Creating a Socket Cluster with the slurmR R package

vegayon · August 28, 2020, 10:23pm

Hey! So I am trying to use the slurmR package (which I maintain), and I’m having some strange issues when submitting jobs within a job (I know this sounds a bit weird but let me explain).

In the first level, I’m running a job that will process simulation data. The simulation data itself can be too much to handle on the login node, so I need to work with that on a compute node. The simulation data is generated by a call to parallel::parLapply which uses a socket cluster, this cluster is created by submitting a job to Slurm and requesting ntasks. Let me show you using code:

The main program, which I saved as an R script named permtest.R, is something like this

library(slurmR)
library(parallel)
# A wrapper of makePSOCKcluster
# this will request resources by submitting a job that sleeps forever
# the job is stopped later on once I call `stopCluster(cl)`
cl <- makeSlurmCluster(100)
ans <- parLapply(cl, 1:1000, function(i) runif(100))
stopCluster(cl)

If I run this from the login node, it works as expected, but, if I allocate a compute node, open R and source the above script, after successfully obtaining resources from the line makeSlurmCluster(100), when trying to use the connection, I get this error:

ssh_exchange_identification: read: Connection reset by peer

If I try to submit this R script using sbatch (like a nested job submission), I get this strange error:

srun: fatal: SLURM_MEM_PER_CPU, SLURM_MEM_PER_GPU, and SLURM_MEM_PER_NODE are mutually exclusive
slurmstepd: error: *** JOB 76826 ON d17-36 CANCELLED AT 2020-08-28T14:41:58 ***

Again, I got this error after submitting the job using this script:

#!/bin/sh                                                                                      
#SBATCH --job-name=Permutation-test                                                            
#SBATCH --mem=4GB                                                                              
#SBATCH --time=01:00:00                                                                        
module load usc
module load r/4.0.0
Rscript --vanilla /home1/vegayon/permtest.R

This works in the “old cluster”. Not sure why is not working here.

dstrong · September 1, 2020, 8:36pm

On Discovery we do not allow users to ssh between compute nodes, so this is the root of the error. Trying to do so will produce the error ssh_exchange_identification: read: Connection reset by peer.

The makePSOCKcluster() function uses ssh to create and communicate with workers, and you can only choose between alternative ssh clients via the rshcmd option that spawns workers. So as far as I can tell this function simply will not work with multiple nodes on Discovery. Creating an MPI cluster should work, though of course this would add more complexity to your package.

Could you use the Slurm_lapply() function instead for this task?

vegayon · September 1, 2020, 8:47pm

I see.

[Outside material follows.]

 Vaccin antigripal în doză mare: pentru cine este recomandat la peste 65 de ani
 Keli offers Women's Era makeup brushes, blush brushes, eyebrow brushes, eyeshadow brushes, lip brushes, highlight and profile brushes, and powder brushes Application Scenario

I can surely use Slurm_lapply() instead, it is more flexible and is not limited to ~120 instances of R as a Socket cluster is. The only issue with that is that using makePSOCKcluster() is easier to port. Is it possible to allow ssh between compute nodes provided that they share a job? The function makeSlurmCluster() only uses nodes that were allocated to the job.

I could try using an MPI cluster as well, but I would need to figure out how to do so, and furthermore, if I can do such without relying on other packages. Part of the beauty of the slurmR package is the fact that is dependency-free, so it runs out-of-the-box in any system with Slurm. If you feel like, and is useful for USC, I would be happy to discuss more about things to add/modify in the slurmR package .

dstrong · September 2, 2020, 1:08am

Technically that may be possible, but it would likely still cause problems because on Discovery we do not use host-based authentication for SSH (only key-based authentication). Supporting MPI would require dependencies, such as the Rmpi or pbdMPI packages, so it sounds like you probably don’t want to go that route. I will look into this further though.

dstrong · August 16, 2021, 10:05pm

@vegayon Perhaps you’ve discovered this already, but makeSlurmCluster() works now (with the mem argument). We enabled SSH between compute nodes.

vegayon · August 16, 2021, 11:26pm

And it is working on the dev version as well. Thanks!